- **Work request**:
Each line below must be reproduced exactly.

----

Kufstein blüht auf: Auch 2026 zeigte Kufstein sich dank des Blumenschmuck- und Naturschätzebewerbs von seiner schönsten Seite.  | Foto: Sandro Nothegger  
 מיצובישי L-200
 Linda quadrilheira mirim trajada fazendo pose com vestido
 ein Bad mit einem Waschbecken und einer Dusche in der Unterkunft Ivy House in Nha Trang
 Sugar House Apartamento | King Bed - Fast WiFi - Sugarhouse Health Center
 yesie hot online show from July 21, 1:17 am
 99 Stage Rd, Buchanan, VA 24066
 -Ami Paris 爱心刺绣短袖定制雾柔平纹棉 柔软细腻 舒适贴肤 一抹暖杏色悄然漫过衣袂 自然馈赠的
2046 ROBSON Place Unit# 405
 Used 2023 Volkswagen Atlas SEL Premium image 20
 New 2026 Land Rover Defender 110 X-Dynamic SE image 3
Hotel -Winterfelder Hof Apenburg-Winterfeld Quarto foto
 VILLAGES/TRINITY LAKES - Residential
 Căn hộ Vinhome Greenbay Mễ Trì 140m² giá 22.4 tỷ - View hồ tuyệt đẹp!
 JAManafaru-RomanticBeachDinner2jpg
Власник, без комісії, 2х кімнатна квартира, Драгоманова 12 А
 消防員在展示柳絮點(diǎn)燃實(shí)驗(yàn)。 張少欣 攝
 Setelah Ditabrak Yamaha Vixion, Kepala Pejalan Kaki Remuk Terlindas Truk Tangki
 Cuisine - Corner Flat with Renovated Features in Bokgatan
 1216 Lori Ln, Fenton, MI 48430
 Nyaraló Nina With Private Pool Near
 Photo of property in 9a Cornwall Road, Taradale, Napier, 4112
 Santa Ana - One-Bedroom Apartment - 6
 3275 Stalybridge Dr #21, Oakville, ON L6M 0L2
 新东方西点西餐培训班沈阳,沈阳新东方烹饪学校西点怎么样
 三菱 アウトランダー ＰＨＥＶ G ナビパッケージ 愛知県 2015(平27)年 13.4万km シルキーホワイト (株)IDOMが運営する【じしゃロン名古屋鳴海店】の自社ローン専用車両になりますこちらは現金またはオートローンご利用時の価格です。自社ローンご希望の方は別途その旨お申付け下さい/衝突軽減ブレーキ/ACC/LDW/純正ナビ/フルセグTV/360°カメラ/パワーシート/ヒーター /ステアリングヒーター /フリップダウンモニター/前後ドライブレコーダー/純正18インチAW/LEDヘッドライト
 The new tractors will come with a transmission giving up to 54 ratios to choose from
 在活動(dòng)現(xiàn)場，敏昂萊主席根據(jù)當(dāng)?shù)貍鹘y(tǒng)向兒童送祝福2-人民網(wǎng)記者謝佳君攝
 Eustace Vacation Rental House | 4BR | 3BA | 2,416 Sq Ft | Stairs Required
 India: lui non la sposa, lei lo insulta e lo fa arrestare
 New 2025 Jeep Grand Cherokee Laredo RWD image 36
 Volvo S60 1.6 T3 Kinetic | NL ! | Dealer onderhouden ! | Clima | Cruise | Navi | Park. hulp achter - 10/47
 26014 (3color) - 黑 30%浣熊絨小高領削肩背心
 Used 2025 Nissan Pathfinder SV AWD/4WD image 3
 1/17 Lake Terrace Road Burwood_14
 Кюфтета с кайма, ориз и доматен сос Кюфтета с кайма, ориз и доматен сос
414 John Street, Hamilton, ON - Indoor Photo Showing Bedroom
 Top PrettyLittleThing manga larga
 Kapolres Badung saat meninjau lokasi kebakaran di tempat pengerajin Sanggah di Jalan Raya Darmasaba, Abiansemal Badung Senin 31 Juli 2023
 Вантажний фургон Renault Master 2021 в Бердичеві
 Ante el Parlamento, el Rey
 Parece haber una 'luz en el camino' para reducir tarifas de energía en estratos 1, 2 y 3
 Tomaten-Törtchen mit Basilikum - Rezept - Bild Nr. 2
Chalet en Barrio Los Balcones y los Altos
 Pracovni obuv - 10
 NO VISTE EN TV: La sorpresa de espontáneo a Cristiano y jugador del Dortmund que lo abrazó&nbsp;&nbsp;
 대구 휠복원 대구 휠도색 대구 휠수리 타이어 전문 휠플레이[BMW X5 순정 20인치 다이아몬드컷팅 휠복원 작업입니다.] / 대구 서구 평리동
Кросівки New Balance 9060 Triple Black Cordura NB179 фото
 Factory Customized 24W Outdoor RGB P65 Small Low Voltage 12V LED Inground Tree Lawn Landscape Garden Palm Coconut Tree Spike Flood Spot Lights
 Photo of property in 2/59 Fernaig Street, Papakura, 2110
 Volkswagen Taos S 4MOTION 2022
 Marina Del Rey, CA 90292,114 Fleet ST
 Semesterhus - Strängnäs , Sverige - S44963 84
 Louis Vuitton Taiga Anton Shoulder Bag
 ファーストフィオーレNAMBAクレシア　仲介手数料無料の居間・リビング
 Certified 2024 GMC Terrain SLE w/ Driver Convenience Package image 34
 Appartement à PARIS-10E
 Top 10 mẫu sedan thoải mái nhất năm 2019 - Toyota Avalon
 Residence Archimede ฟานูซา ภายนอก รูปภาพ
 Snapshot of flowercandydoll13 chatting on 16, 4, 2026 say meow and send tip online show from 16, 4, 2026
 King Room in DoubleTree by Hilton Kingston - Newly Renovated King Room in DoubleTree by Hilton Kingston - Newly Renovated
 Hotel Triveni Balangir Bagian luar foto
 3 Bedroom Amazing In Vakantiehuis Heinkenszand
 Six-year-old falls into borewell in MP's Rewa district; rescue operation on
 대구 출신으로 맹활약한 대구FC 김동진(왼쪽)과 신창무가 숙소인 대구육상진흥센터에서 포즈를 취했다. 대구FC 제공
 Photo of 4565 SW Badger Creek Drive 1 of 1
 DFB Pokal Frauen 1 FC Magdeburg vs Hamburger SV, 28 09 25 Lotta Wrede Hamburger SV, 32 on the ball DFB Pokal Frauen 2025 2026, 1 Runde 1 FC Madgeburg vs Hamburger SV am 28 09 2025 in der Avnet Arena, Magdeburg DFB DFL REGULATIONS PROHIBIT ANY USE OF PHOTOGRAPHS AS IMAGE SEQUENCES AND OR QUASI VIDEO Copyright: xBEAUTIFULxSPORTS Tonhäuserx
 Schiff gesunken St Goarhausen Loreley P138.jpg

----

- **Solution for this problem**:
Kufstein blüht auf: Auch 2026 zeigte Kufstein sich dank des Blumenschmuck- und Naturschätzebewerbs von seiner schönsten Seite.  | Foto: Sandro Nothegger  
 מיצובישי L-200
 Linda quadrilheira mirim trajada fazendo pose com vestido
 ein Bad mit einem Waschbecken und einer Dusche in der Unterkunft Ivy House in Nha Trang
 Sugar House Apartamento | King Bed - Fast WiFi - Sugarhouse Health Center
 yesie hot online show from July 21, 1:17 am
 99 Stage Rd, Buchanan, VA 24066
 -Ami Paris 爱心刺绣短袖定制雾柔平纹棉 柔软细腻 舒适贴肤 一抹暖杏色悄然漫过衣袂 自然馈赠的
2046 ROBSON Place Unit# 405
 Used 2023 Volkswagen Atlas SEL Premium image 20
 New 2026 Land Rover Defender 110 X-Dynamic SE image 3
Hotel -Winterfelder Hof Apenburg-Winterfeld Quarto foto
 VILLAGES/TRINITY LAKES - Residential
 Căn hộ Vinhome Greenbay Mễ Trì 140m² giá 22.4 tỷ - View hồ tuyệt đẹp!
 JAManafaru-RomanticBeachDinner2jpg
Власник, без комісії, 2х кімнатна квартира, Драгоманова 12 А
 消防員在展示柳絮點(diǎn)燃實(shí)驗(yàn)。 張少欣 攝
 Setelah Ditabrak Yamaha Vixion, Kepala Pejalan Kaki Remuk Terlindas Truk Tangki
 Cuisine - Corner Flat with Renovated Features in Bokgatan
 1216 Lori Ln, Fenton, MI 48430
 Nyaraló Nina With Private Pool Near
 Photo of property in 9a Cornwall Road, Taradale, Napier, 4112
 Santa Ana - One-Bedroom Apartment - 6
 3275 Stalybridge Dr #21, Oakville, ON L6M 0L2
 新东方西点西餐培训班沈阳,沈阳新东方烹饪学校西点怎么样
 三菱 アウトランダー ＰＨＥＶ G ナビパッケージ 愛知県 2015(平27)年 13.4万km シルキーホワイト (株)IDOMが運営する【じしゃロン名古屋鳴海店】の自社ローン専用車両になりますこちらは現金またはオートローンご利用時の価格です。自社ローンご希望の方は別途その旨お申付け下さい/衝突軽減ブレーキ/ACC/LDW/純正ナビ/フルセグTV/360°カメラ/パワーシート/ヒーター /ステアリングヒーター /フリップダウンモニター/前後ドライブレコーダー/純正18インチAW/LEDヘッドライト
 The new tractors will come with a transmission giving up to 54 ratios to choose from
 在活動(dòng)現(xiàn)場，敏昂萊主席根據(jù)當(dāng)?shù)貍鹘y(tǒng)向兒童送祝福2-人民網(wǎng)記者謝佳君攝
 Eustace Vacation Rental House | 4BR | 3BA | 2,416 Sq Ft | Stairs Required
 India: lui non la sposa, lei lo insulta e lo fa arrestare
 New 2025 Jeep Grand Cherokee Laredo RWD image 36
 Volvo S60 1.6 T3 Kinetic | NL ! | Dealer onderhouden ! | Clima | Cruise | Navi | Park. hulp achter - 10/47
 26014 (3color) - 黑 30%浣熊絨小高領削肩背心
 Used 2025 Nissan Pathfinder SV AWD/4WD image 3
 1/17 Lake Terrace Road Burwood_14
 Кюфтета с кайма, ориз и доматен сос Кюфтета с кайма, ориз и доматен сос
414 John Street, Hamilton, ON - Indoor Photo Showing Bedroom
 Top PrettyLittleThing manga larga
 Kapolres Badung saat meninjau lokasi kebakaran di tempat pengerajin Sanggah di Jalan Raya Darmasaba, Abiansemal Badung Senin 31 Juli 2023
 Вантажний фургон Renault Master 2021 в Бердичеві
 Ante el Parlamento, el Rey
 Parece haber una 'luz en el camino' para reducir tarifas de energía en estratos 1, 2 y 3
 Tomaten-Törtchen mit Basilikum - Rezept - Bild Nr. 2
Chalet en Barrio Los Balcones y los Altos
 Pracovni obuv - 10
 NO VISTE EN TV: La sorpresa de espontáneo a Cristiano y jugador del Dortmund que lo abrazó&nbsp;&nbsp;
 대구 휠복원 대구 휠도색 대구 휠수리 타이어 전문 휠플레이[BMW X5 순정 20인치 다이아몬드컷팅 휠복원 작업입니다.] / 대구 서구 평리동
Кросівки New Balance 9060 Triple Black Cordura NB179 фото
 Factory Customized 24W Outdoor RGB P65 Small Low Voltage 12V LED Inground Tree Lawn Landscape Garden Palm Coconut Tree Spike Flood Spot Lights
 Photo of property in 2/59 Fernaig Street, Papakura, 2110
 Volkswagen Taos S 4MOTION 2022
 Marina Del Rey, CA 90292,114 Fleet ST
 Semesterhus - Strängnäs , Sverige - S44963 84
 Louis Vuitton Taiga Anton Shoulder Bag
 ファーストフィオーレNAMBAクレシア　仲介手数料無料の居間・リビング
 Certified 2024 GMC Terrain SLE w/ Driver Convenience Package image 34
 Appartement à PARIS-10E
 Top 10 mẫu sedan thoải mái nhất năm 2019 - Toyota Avalon
 Residence Archimede ฟานูซา ภายนอก รูปภาพ
 Snapshot of flowercandydoll13 chatting on 16, 4, 2026 say meow and send tip online show from 16, 4, 2026
 King Room in DoubleTree by Hilton Kingston - Newly Renovated King Room in DoubleTree by Hilton Kingston - Newly Renovated
 Hotel Triveni Balangir Bagian luar foto
 3 Bedroom Amazing In Vakantiehuis Heinkenszand
 Six-year-old falls into borewell in MP's Rewa district; rescue operation on
 대구 출신으로 맹활약한 대구FC 김동진(왼쪽)과 신창무가 숙소인 대구육상진흥센터에서 포즈를 취했다. 대구FC 제공
 Photo of 4565 SW Badger Creek Drive 1 of 1
 DFB Pokal Frauen 1 FC Magdeburg vs Hamburger SV, 28 09 25 Lotta Wrede Hamburger SV, 32 on the ball DFB Pokal Frauen 2025 2026, 1 Runde 1 FC Madgeburg vs Hamburger SV am 28 09 2025 in der Avnet Arena, Magdeburg DFB DFL REGULATIONS PROHIBIT ANY USE OF PHOTOGRAPHS AS IMAGE SEQUENCES AND OR QUASI VIDEO Copyright: xBEAUTIFULxSPORTS Tonhäuserx
 Schiff gesunken St Goarhausen Loreley P138.jpg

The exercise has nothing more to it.